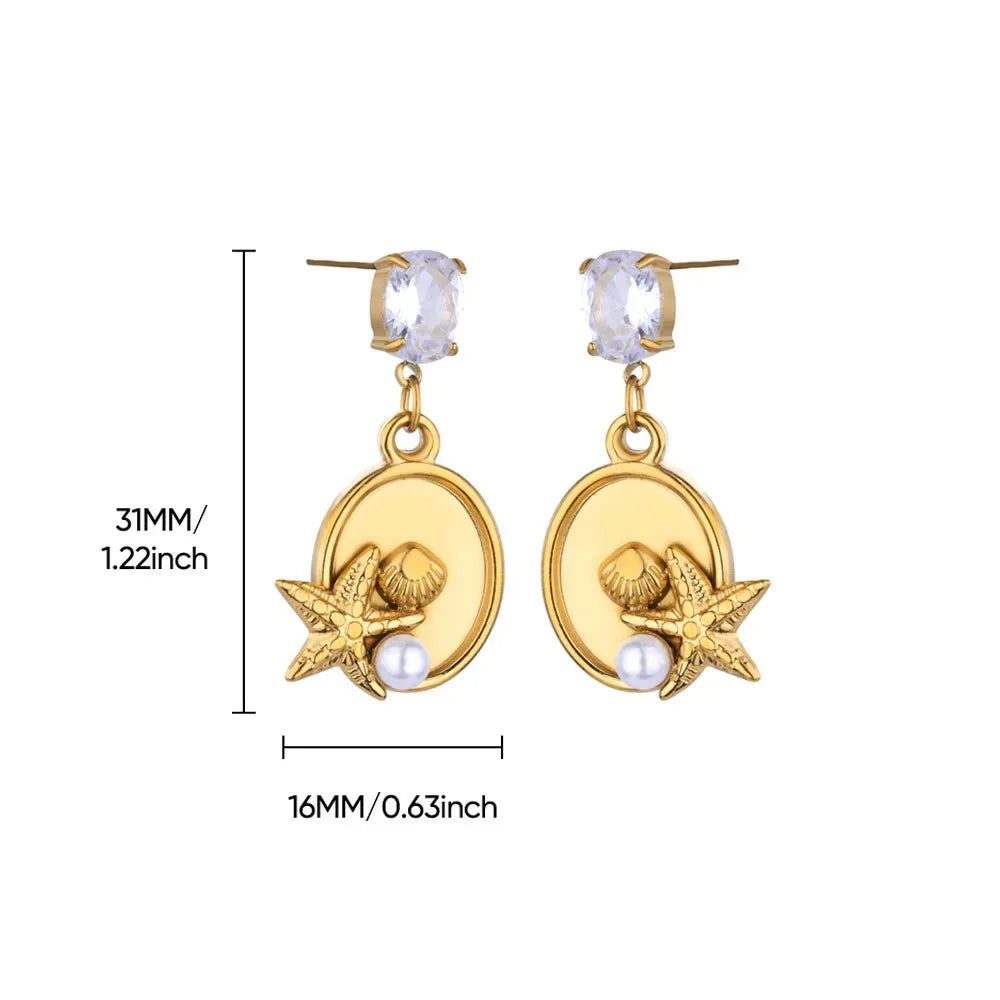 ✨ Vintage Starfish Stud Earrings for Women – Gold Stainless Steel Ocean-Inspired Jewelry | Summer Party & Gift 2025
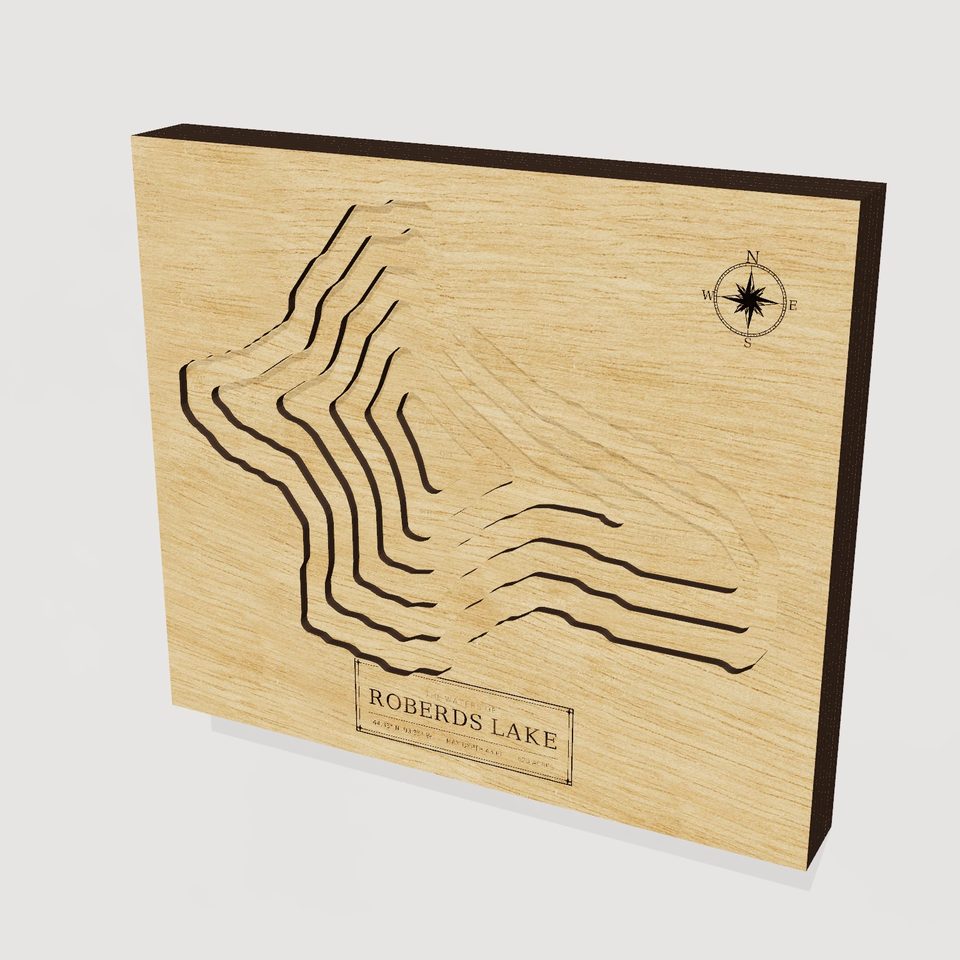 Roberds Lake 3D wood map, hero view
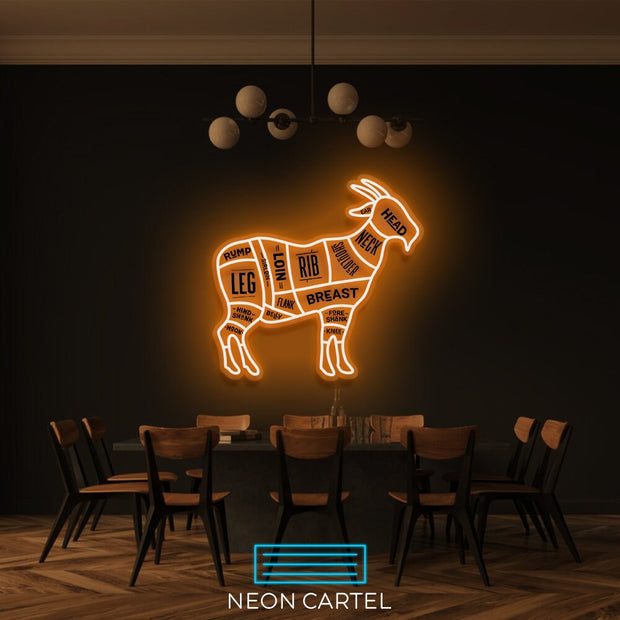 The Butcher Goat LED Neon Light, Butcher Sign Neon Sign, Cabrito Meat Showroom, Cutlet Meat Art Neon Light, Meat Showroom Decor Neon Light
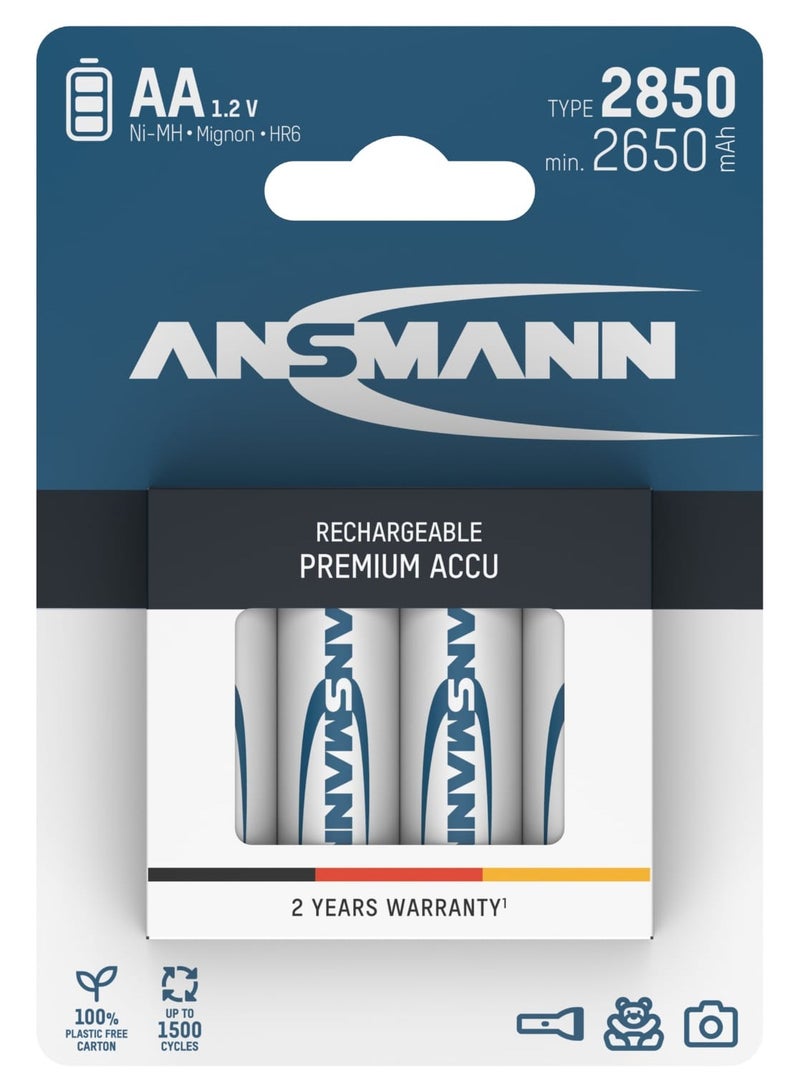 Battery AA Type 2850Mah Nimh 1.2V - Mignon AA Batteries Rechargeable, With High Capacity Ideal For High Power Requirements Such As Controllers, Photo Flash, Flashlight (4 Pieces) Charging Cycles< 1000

********

• Work task
Beginning with the line where "Roberds Lake 3D wood map, hero view" appears, restate word for word every line down to the last one in the data, but keep the pictures out.

• Solution to this problem
 Roberds Lake 3D wood map, hero view
 The Butcher Goat LED Neon Light, Butcher Sign Neon Sign, Cabrito Meat Showroom, Cutlet Meat Art Neon Light, Meat Showroom Decor Neon Light
 Battery AA Type 2850Mah Nimh 1.2V - Mignon AA Batteries Rechargeable, With High Capacity Ideal For High Power Requirements Such As Controllers, Photo Flash, Flashlight (4 Pieces) Charging Cycles< 1000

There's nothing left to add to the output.